Timidity

“Let this mind be in you, which was also in Christ Jesus.”
“This man receiveth sinners.” — Luke xv. 2.

The ironical taunt of proud, and cunning censorious Pharisees formed the glory of him who came “not to call the righteous, but sinners, to repentance.” Publicans and outcasts ; those covered with a deeper than any bodily leprosy — laid bare their wounds to the ” Great Physician ; ” and as conscious guilt and timid penitence crept abashed and imploring to His feet, they found nothing but a forgiving and a gracious welcome !

“His ways” were not as “man’s ways!” The “watchmen,” in the Canticles, ” smote ” the disconsolate one seeking her lost Lord ; they tore off her veil, mocking with chilling unkindness her anguished tears. Not so “the Chief Shepherd and Bishop of souls.” “This man receiveth sinners!” See at Nicodemus, stealing under the shadows of night to elude observation — type of the thousand thousand who in every age have gone trembling in their night of sin and sorrow to this Heavenly Friend! Does Jesus punish his timidity by shutting His door against him, spurning him from his presence ? — “He will not break the bruised reed, He will not quench the smoking flax!”

And He is still the same ! He who arrested a persecutor in his blasphemies, and tuned the lips of an expiring felon with faith and love, is at this hour standing with all the garnered treasures of Redemption in His hand, proclaiming, “Him that cometh unto Me, I will in no wise cast out!”
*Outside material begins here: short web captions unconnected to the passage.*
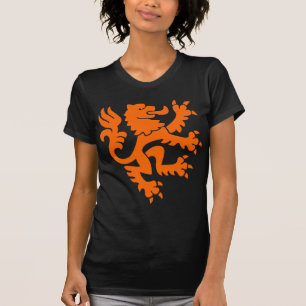 Heraldic Lion 01 - Orange T-Shirt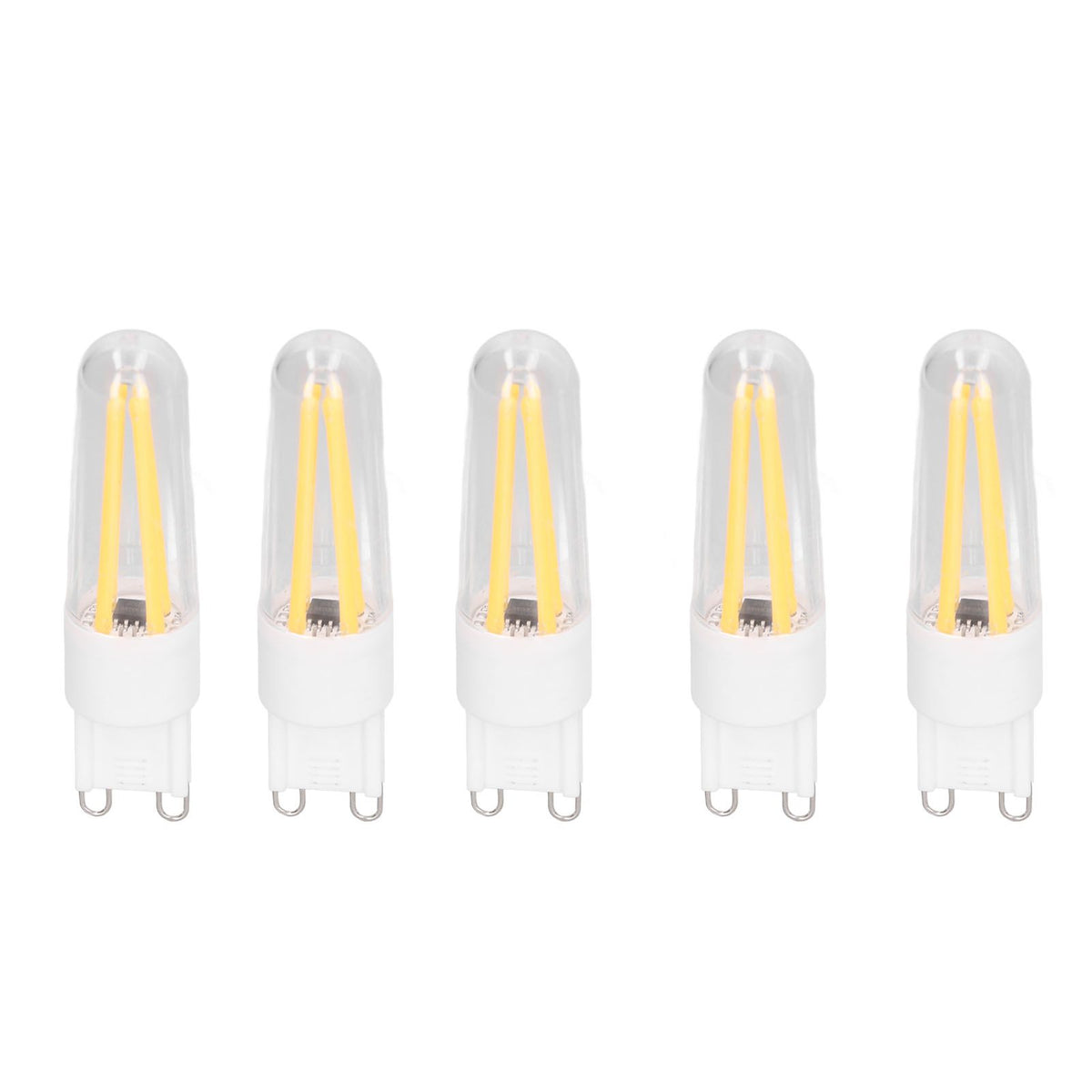 10Pcs G9 LED Bulb 3W 200LM Long Filament Bulbs for Chandelier Ceiling Lamp Table Lamp Warm White 220V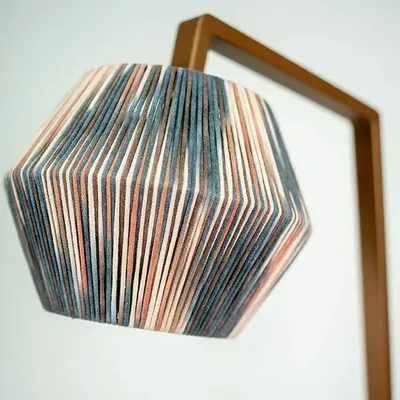 Floor lamps - Metal Craft Floor Lamp (Cotton Rope) - FORADA HOME & STYLE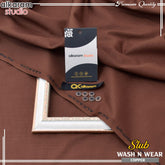 Al-Karam Men's Unstitched Slub Wash And Wear-COPPER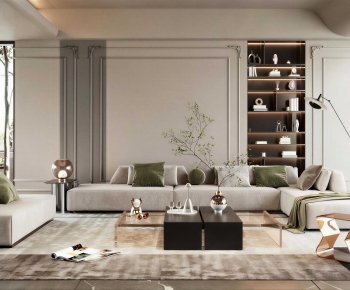 Modern A Living Room-ID:901038899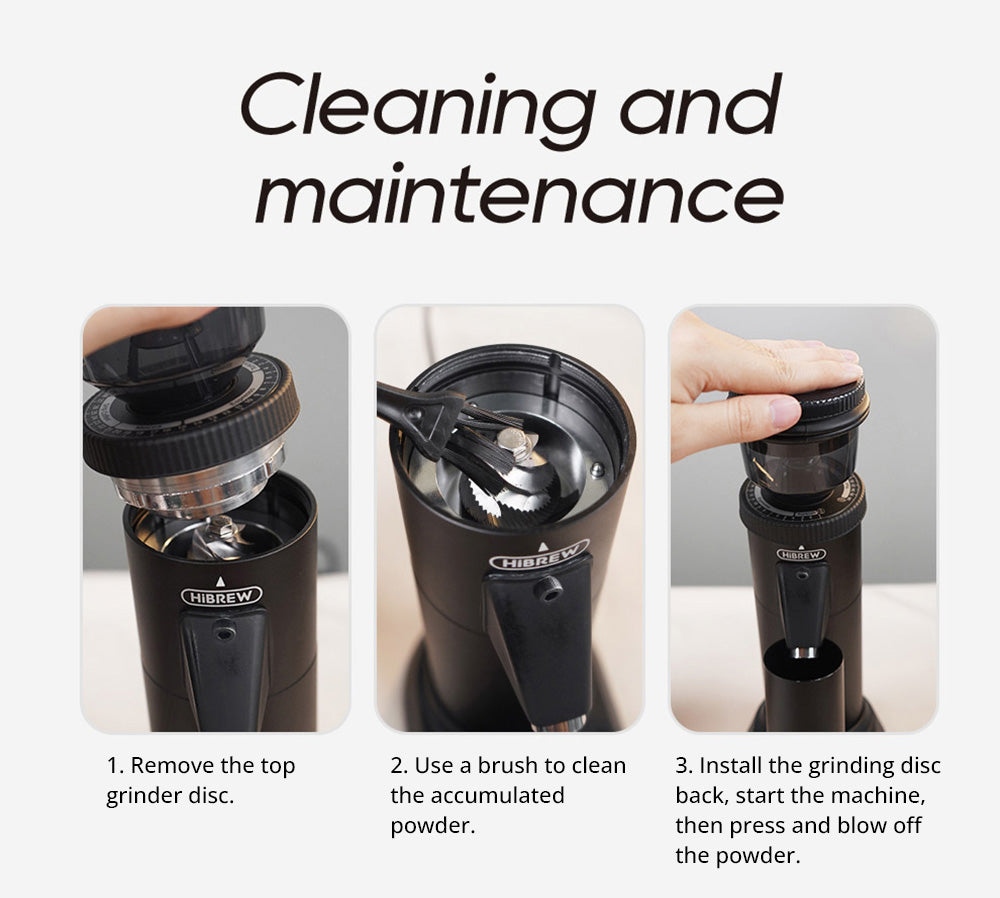 Elektrický mlýnek na kávu HiBREW G5, kónický mlecí strojek 48 mm, 36 převodů, nastavitelný mletí, pro espresso/tureckou/pour over/mocca/drip kávu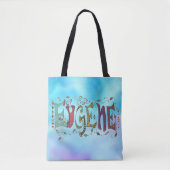 Blue Eugene Tote Bag Tasche (Vorderseite)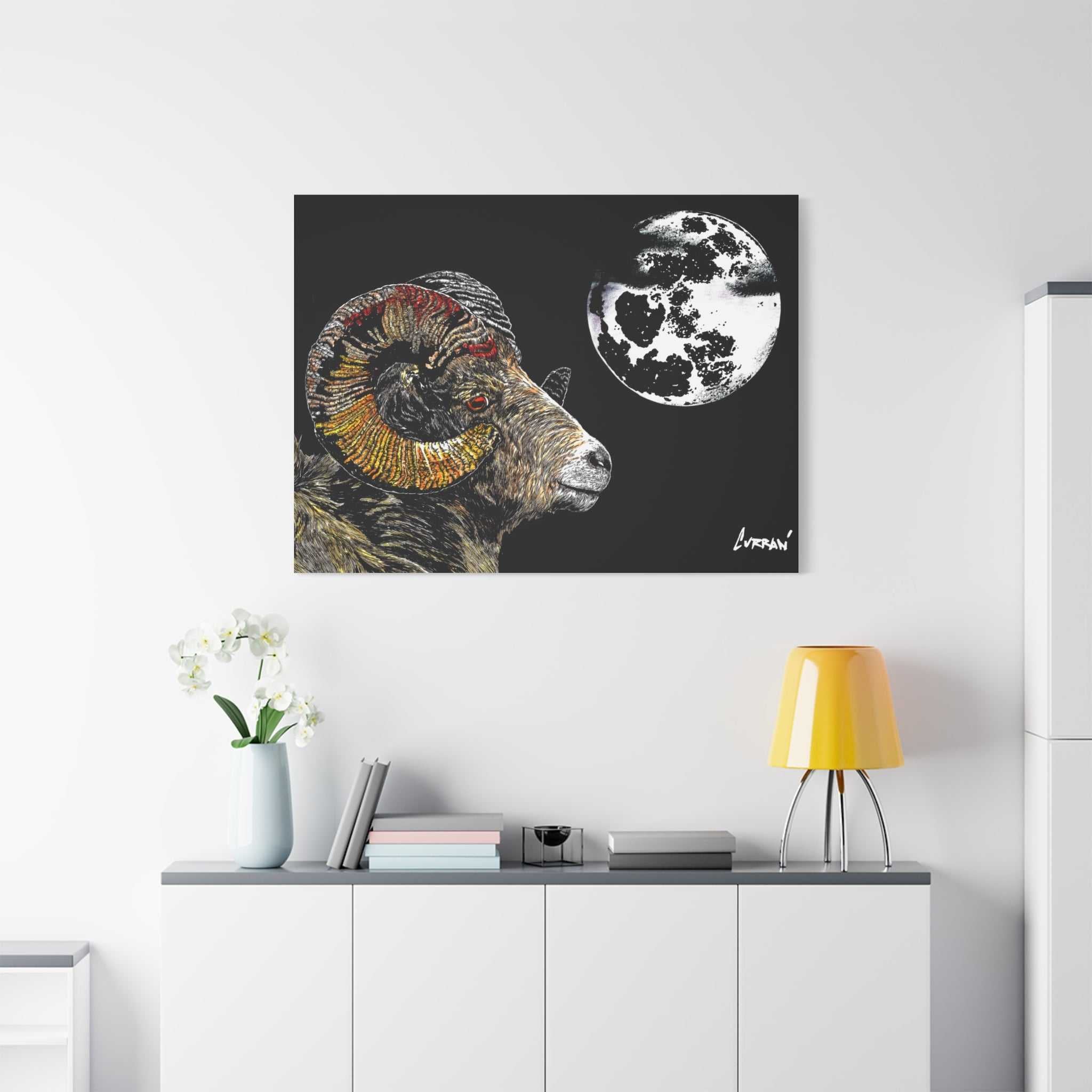 Mountain Ram Canvas Print - Art Print on Stretched Canvas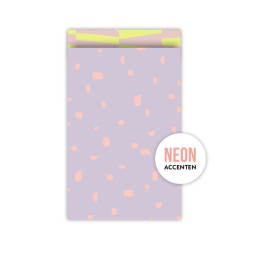 kadozakje dots lila geel neon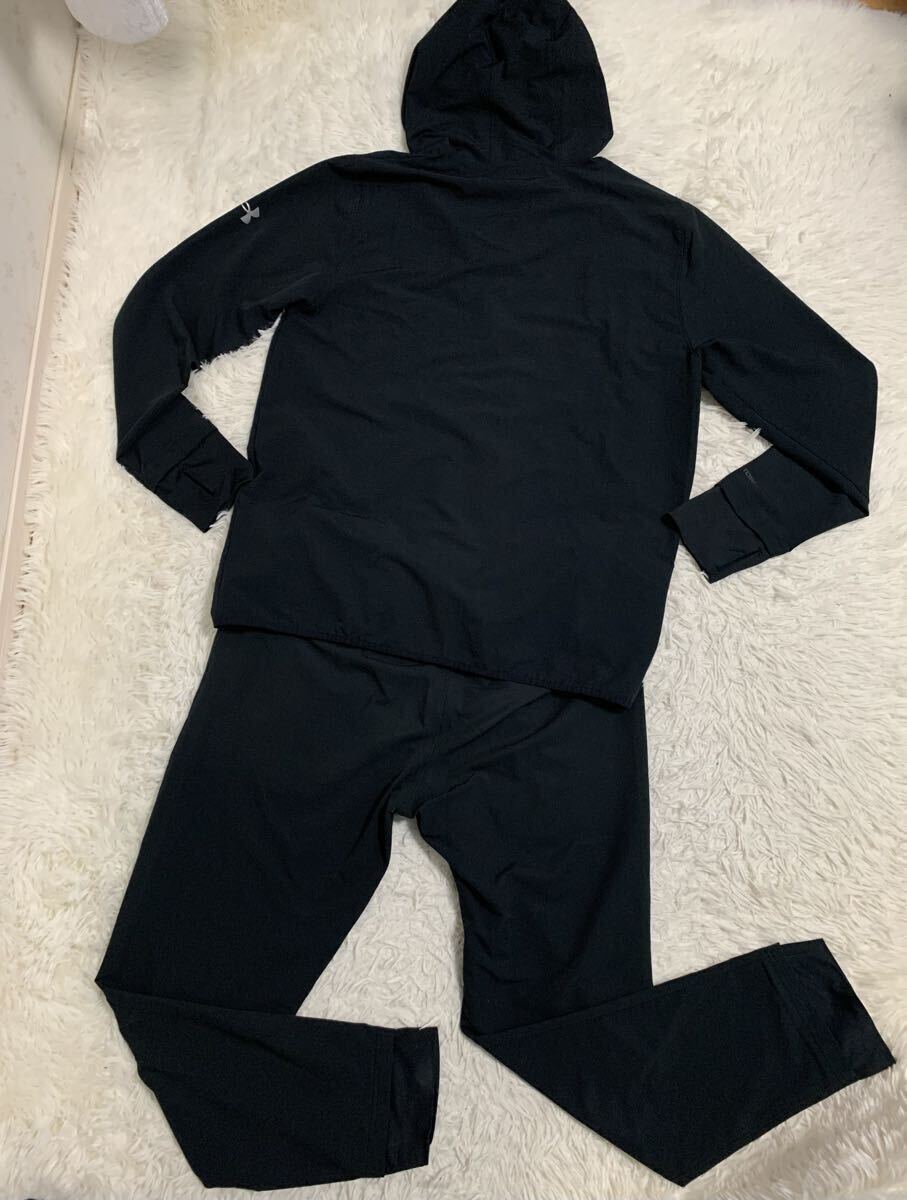 UNDER ARMOUR STORM アンダーアーマー ストーム セットアップ ジャージ ストレッチ 黒 上下 XXL_画像2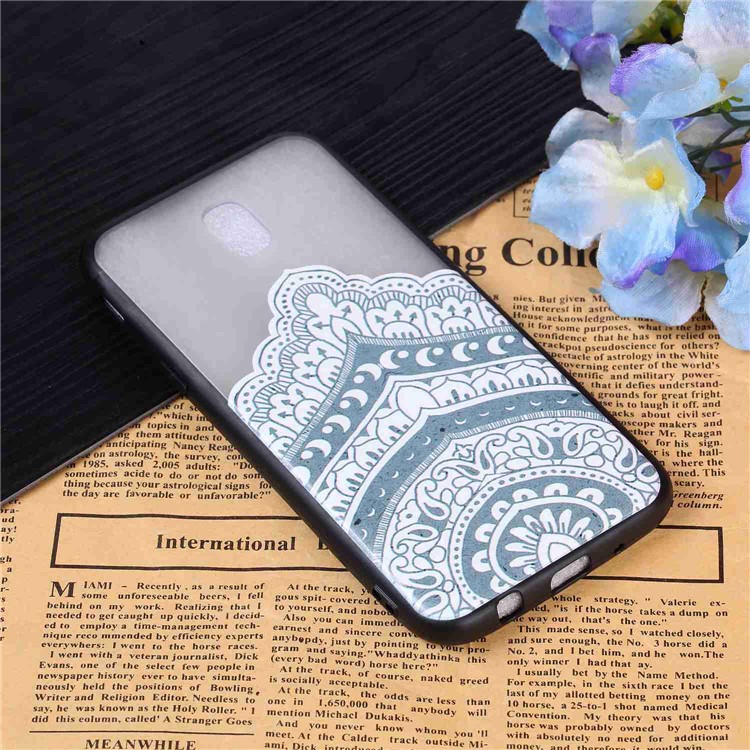 Rubberized Embossed PC TPU Hybrid Mobile Shell Case for Samsung Galaxy J5 (2017) / J5 Pro (2017) EU Version - Unique Pattern-3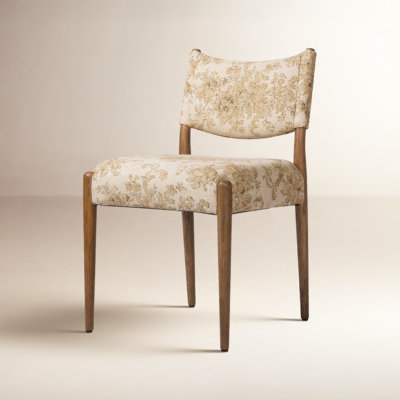 Tara Linen Oak Side Chair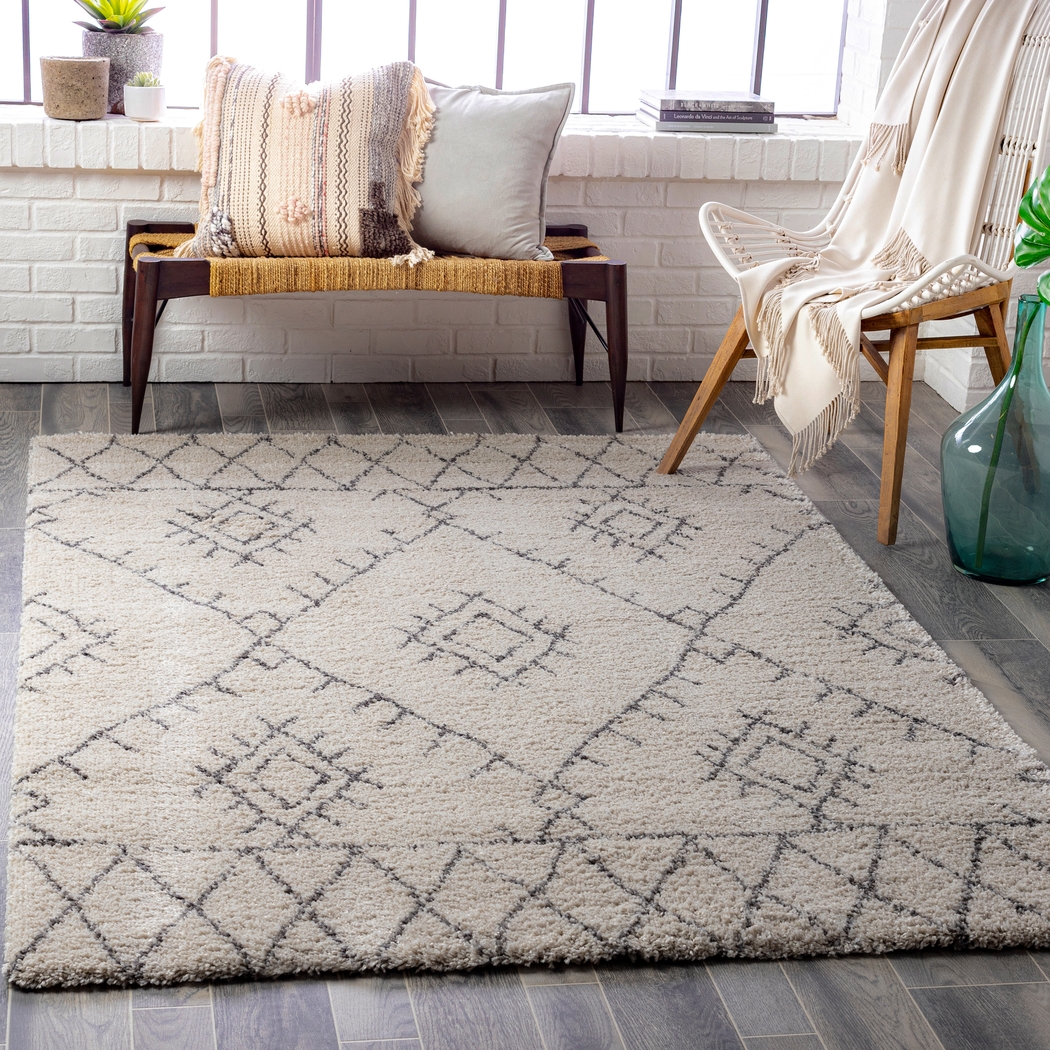 Reidwick Cream 7'11 x 10'11 Area Rug - Thumbnail - Image 2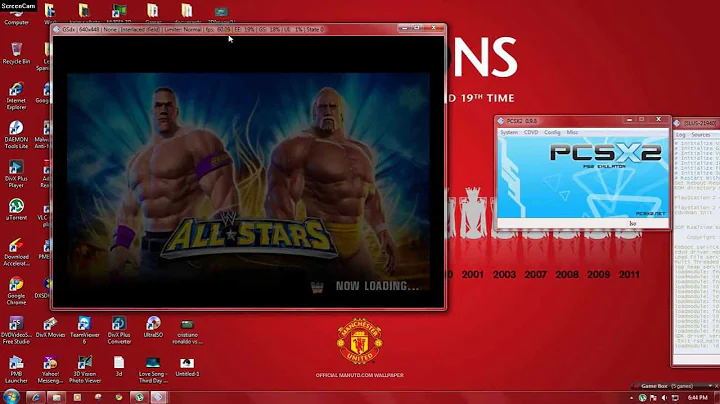 WWE all stars pcsx2 0.9.8 best setting,best fps (HD)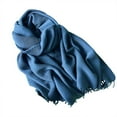 thumbnail image 2 of RXIRUCGD Women's Fashionable Solid Color Fold Soft Skin Friendly Scarf( Blue ), 2 of 3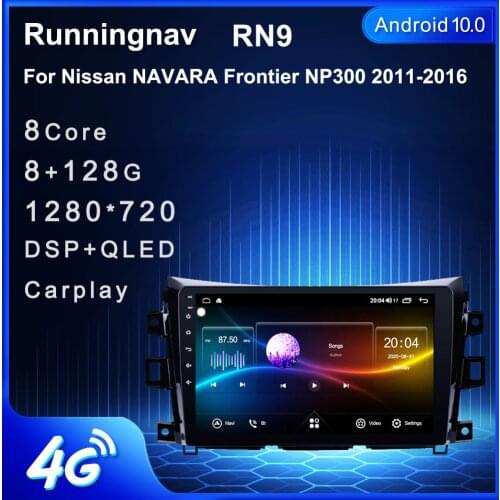 10.1“ Android 10.1/9/8.1 Car Auto Radio For 2011 2012 2013 2014 2015 2016 Nissan NAVARA Frontier NP300 GPS Navigation with WIFI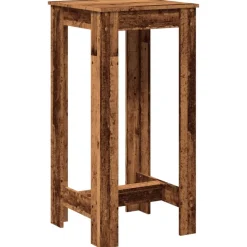 vidaXL Mesas-Mesa alta de bar madera de ingeniería envejecida 51x50x103,5 cm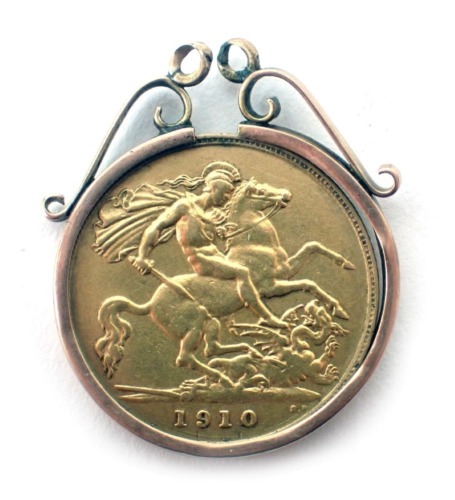 An Edward VII half gold sovereign
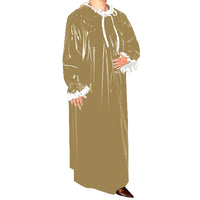 Casual PVC Latex Look Long Maxi Dress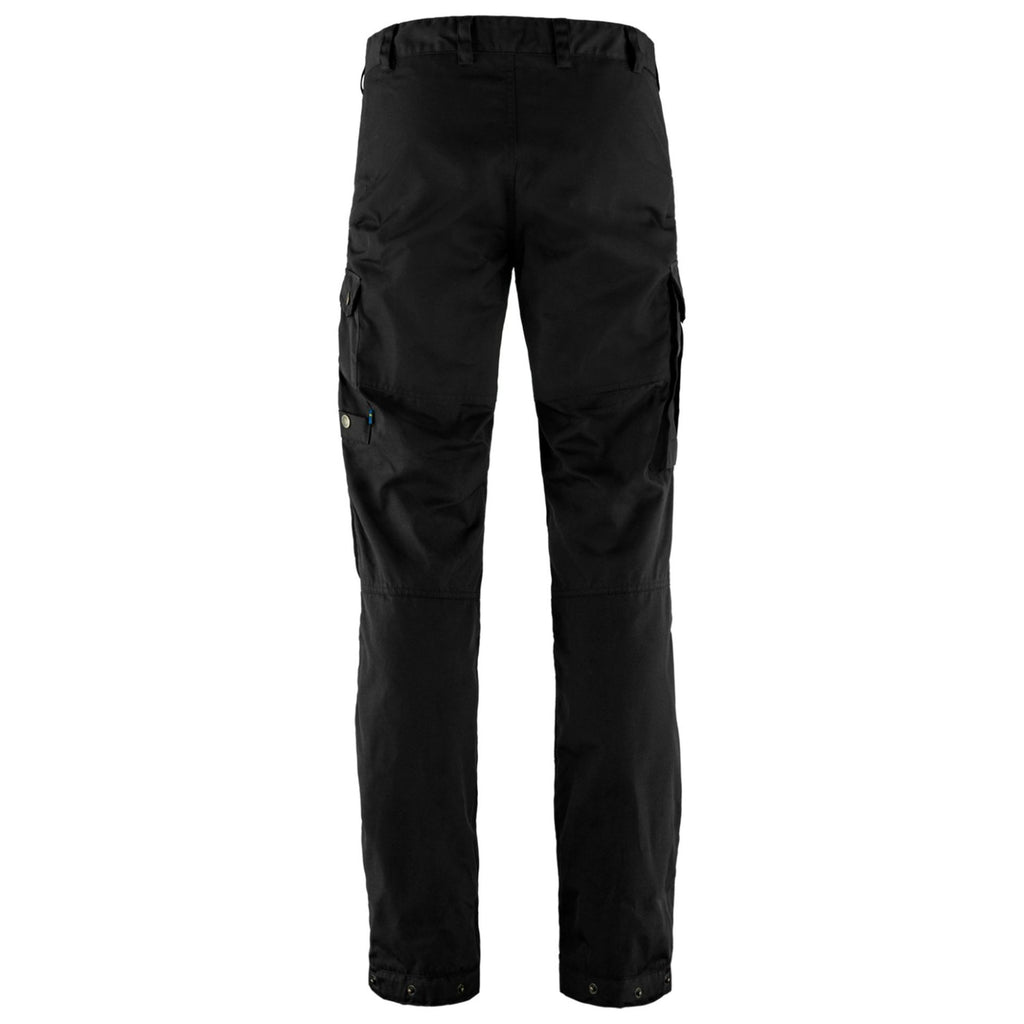 Fjällräven Vidda Pro Trousers black Herren, Rückansicht mit Gesäßverstärkung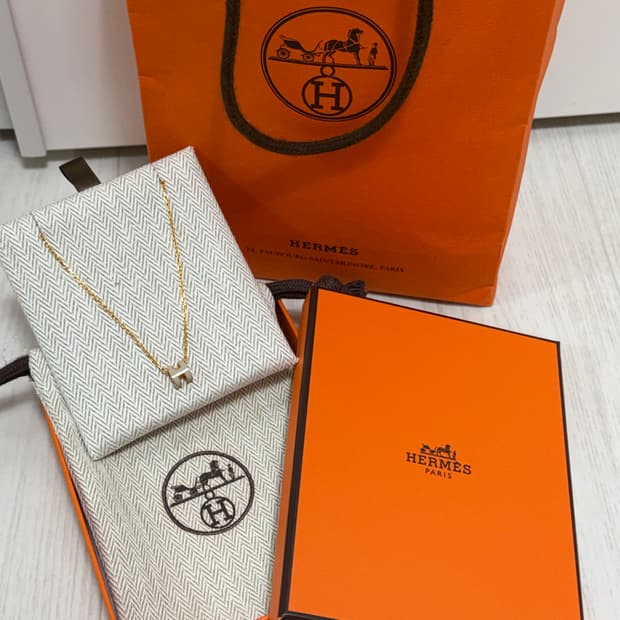 에르메스 미니 팝아슈 목걸이 마론 글라쎄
Are we from this to think lightly of sin? or by example and conduct to palliate and overlook its enormity ? Not so: sin, as sin can never be sufficiently stamped with the brand of reprobation.

But we must seek carefully to distinguish between the offence and the offender. Nothing should be done on our part by word or deed to mock the penitential sighings of a guilty spirit, or send the trembling outcast away, with the despairing feeling of “No hope ” This man receiveth sinners,” and shall not we? Does He suffer the veriest dregs of human depravity to crouch unbidden at His feet, and to gaze on His forgiving countenance with the uplifted eye of hope, and shall we dare to deal out harsh, and severe, and crushing verdicts on an offending (it may be a deeply offending) brother ? Shall we pronounce “crimson” and “scarlet” sins and sinners beyond the pale of mercy, when Jesus does not?

John Macduff, “25th Morning,” The mind and words of Jesus; and The faithful promiser

This quote is from a devotional book by John Ross Macduff, a 19th century Scottish preacher.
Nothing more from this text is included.